As for his thoughts on the waking state, he comments that "the waking world still enjoys the superiority of being able to be continued every morning, unlike dreams which are different every night. But perhaps there are other worlds more real than the waking world. For have we not seen how the 'real world' is transformed by every revolution in the arts, and without waiting for that, by the degree of aptitude or cultivation which distinguishes and artist from an ignorant fool?" He subscribes to the notion of modernists that the dream state provides the artistically inclined with a privileged insight into reality.
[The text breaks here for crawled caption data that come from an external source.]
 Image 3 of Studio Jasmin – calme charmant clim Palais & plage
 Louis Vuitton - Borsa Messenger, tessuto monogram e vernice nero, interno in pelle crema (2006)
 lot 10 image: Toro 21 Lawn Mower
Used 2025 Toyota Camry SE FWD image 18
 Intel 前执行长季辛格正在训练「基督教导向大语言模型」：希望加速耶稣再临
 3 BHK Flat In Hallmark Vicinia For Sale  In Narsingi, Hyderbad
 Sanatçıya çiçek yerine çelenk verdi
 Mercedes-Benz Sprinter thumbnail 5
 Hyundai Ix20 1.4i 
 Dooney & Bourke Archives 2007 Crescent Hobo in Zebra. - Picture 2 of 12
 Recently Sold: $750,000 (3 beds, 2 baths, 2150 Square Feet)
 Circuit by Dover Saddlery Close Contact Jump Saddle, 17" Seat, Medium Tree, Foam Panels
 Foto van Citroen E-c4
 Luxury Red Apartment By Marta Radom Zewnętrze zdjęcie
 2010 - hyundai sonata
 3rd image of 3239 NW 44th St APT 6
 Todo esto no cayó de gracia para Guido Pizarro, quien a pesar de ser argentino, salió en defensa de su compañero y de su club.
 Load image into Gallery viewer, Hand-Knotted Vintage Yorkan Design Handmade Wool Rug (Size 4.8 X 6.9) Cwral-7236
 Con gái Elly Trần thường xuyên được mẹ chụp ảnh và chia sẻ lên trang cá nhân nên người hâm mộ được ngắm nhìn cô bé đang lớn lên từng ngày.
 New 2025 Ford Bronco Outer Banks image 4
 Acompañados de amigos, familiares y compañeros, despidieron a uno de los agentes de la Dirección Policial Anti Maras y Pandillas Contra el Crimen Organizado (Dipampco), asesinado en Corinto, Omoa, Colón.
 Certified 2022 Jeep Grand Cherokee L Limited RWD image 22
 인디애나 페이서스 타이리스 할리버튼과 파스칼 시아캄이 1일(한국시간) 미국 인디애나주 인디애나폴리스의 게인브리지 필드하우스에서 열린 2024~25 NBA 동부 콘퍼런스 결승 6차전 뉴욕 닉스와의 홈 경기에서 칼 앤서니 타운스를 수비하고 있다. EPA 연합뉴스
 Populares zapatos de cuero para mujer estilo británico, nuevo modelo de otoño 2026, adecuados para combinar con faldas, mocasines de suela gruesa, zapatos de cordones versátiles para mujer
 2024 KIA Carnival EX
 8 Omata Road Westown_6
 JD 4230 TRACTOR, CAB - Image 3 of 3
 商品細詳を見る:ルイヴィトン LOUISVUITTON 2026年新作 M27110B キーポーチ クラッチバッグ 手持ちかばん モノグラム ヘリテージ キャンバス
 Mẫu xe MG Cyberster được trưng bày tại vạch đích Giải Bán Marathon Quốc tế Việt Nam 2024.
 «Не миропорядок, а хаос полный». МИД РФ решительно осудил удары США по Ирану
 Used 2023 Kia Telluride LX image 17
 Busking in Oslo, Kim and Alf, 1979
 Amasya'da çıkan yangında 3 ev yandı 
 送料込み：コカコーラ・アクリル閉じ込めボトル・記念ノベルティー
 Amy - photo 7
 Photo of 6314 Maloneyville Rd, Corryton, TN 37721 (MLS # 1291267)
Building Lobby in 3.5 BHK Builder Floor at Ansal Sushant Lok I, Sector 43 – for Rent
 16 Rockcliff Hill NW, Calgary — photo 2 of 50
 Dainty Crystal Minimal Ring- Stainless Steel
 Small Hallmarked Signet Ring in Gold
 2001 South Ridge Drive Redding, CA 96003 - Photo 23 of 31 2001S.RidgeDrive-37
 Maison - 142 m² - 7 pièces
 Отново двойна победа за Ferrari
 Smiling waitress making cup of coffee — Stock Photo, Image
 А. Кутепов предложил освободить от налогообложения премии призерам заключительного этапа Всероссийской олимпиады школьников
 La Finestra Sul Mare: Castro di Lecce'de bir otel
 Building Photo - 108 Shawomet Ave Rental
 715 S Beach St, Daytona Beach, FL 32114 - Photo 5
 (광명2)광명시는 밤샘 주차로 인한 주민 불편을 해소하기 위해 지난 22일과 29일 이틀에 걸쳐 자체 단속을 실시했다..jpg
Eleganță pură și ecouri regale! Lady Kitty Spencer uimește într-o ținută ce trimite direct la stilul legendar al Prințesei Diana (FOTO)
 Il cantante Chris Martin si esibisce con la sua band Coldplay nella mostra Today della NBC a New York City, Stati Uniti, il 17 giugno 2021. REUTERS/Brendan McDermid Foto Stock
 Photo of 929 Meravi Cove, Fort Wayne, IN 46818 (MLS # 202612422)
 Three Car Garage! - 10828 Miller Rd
Before habit and memory set in, "One often has at hand, in those first minutes when one is letting oneself slip towards awakening, a range of different realities from which one thinks one can choose, like taking a card from a pack." But he recalls a failed effort to remain in a dream state and concludes that "We constantly have to choose between health and wisdom on the one hand, and spiritual pleasures on the other. I have always been too much of a coward to choose the second."

Albertine is delighted by the street-sellers, and wants to buy everything they offer, from winkles to carrots. She imagines the various foods, and her thoughts turn to the elaborate ice creations made in Paris at the time, until the narrator is put on edge by the sensuality of her descriptions, particularly of "the physical sensation of imagining something so delicious, so cool in her mouth, which gave her an almost sexual pleasure." He is further disturbed when her recollections turn to her stay "at Mlle Vinteuil's, at Montjouvain," where they would "sit in the garden and travel all round France by drinking a different sparkling mineral water every day." He tries to take her mind off of Mlle. Vinteuil -- or rather his mind off of what they might have done together, and thinks again of the choice between living with Albertine or separating from her: "which sort of peace should one put first (either by continuing one's daily, exhausting activity, or by resuming the pain of separation) -- peace of mind, or the peace of the heart?"